Sultana Raisin Pie

a pie made with raisins
Sultana Raisin Pie

2 c. golden raisins
2 c. water
1/2 c. brown sugar
2 tbsp. cornstarch
1/2 tsp. cinnamon
1/4 tsp. salt
1 tbsp. vinegar (or lemon juice)
1 tbsp. butter
Pie crust pastry

To make crust:
I use store-bought crusts (comes 2 in a box) and I roll out one to fit a 9-inch pie plate. I roll it thinner that the average crust so I will have scraps with which to make decorative leaves on the top. Pre-heat oven to 425 degrees. Make bottom crust, prick, and bake 5 minutes. Meanwhile make strips or decorative leaves with remaining pieces and set aside. Save the second crust, it will keep indefinitely if refrigerated.

Combine raisins and water.
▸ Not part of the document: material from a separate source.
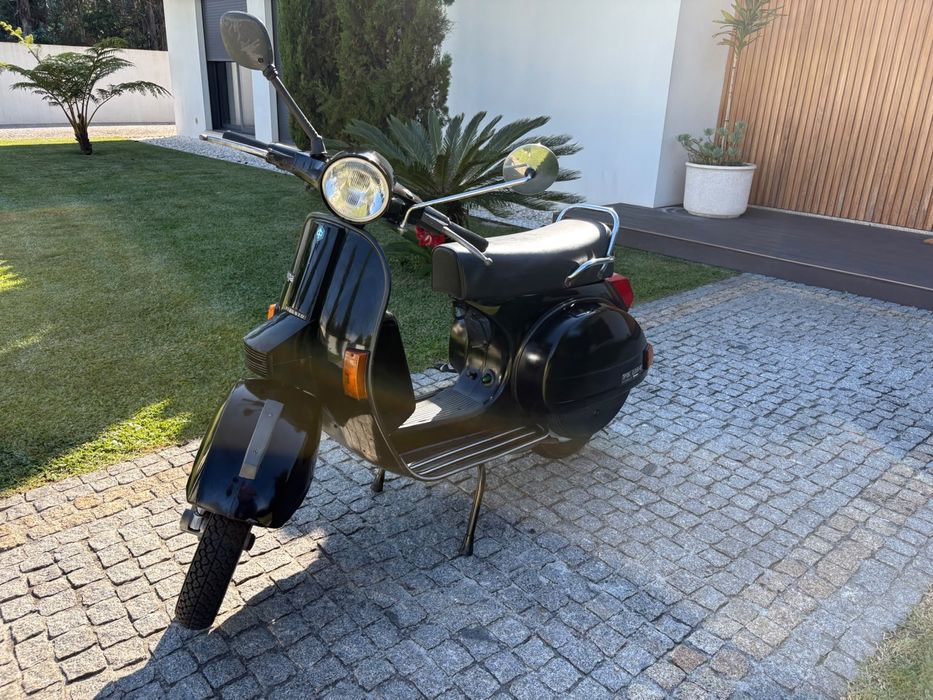Vespa px 125 E  2 tempos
Boil 5 minutes. Blend sugar, cornstarch, cinnamon and salt in a small bowl. Add to raisin mixture and cook about 1 minute, stirring until clear. Remove from heat, stir in vinegar or lemon juice and butter. Cool slightly. Pour into pie shell and decorate with pastry leaves. Bake at 425 degrees for 30 minutes or until golden brown.

Note: For a truly old-fashioned raisin pie, make this with dark raisins and and add a top crust (if you do this, don’t pre-bake the bottom crust).